> **INFORMATION SUPPLIED**
BEGIN

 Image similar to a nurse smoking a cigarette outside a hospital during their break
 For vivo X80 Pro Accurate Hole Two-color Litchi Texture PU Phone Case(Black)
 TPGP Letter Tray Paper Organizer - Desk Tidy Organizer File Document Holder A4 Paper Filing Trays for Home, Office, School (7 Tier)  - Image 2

END
BEGIN

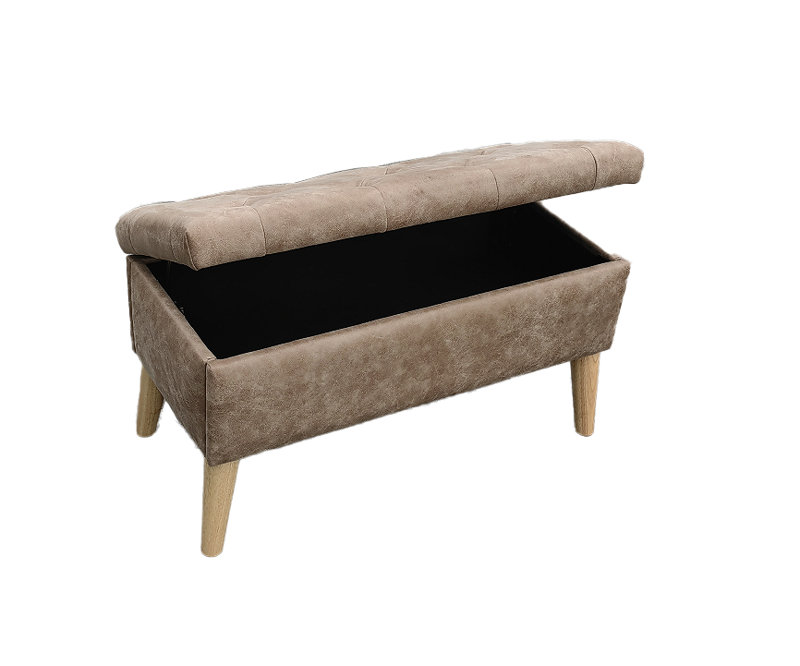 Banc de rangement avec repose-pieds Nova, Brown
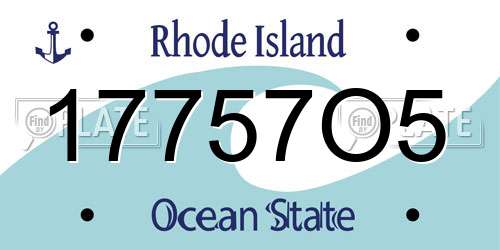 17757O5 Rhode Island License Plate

END
BEGIN

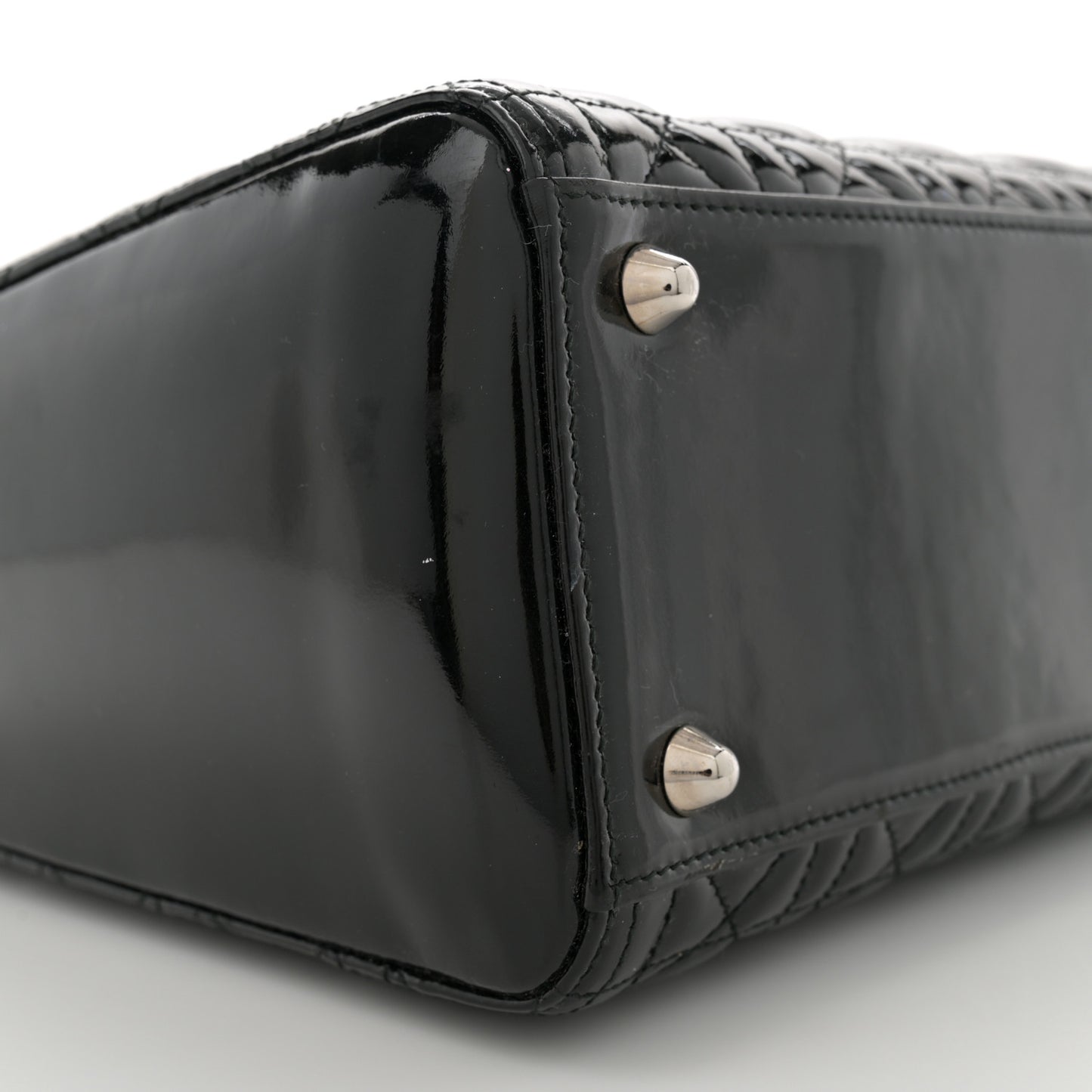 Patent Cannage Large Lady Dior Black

END

> **WHAT YOU SHOULD DO**
Working from the records above, write out verbatim only the lines from the line containing "Image similar to" through the line containing "TPGP Letter Tray".

> **TASK ANSWER**
 Image similar to a nurse smoking a cigarette outside a hospital during their break
 For vivo X80 Pro Accurate Hole Two-color Litchi Texture PU Phone Case(Black)
 TPGP Letter Tray Paper Organizer - Desk Tidy Organizer File Document Holder A4 Paper Filing Trays for Home, Office, School (7 Tier)  - Image 2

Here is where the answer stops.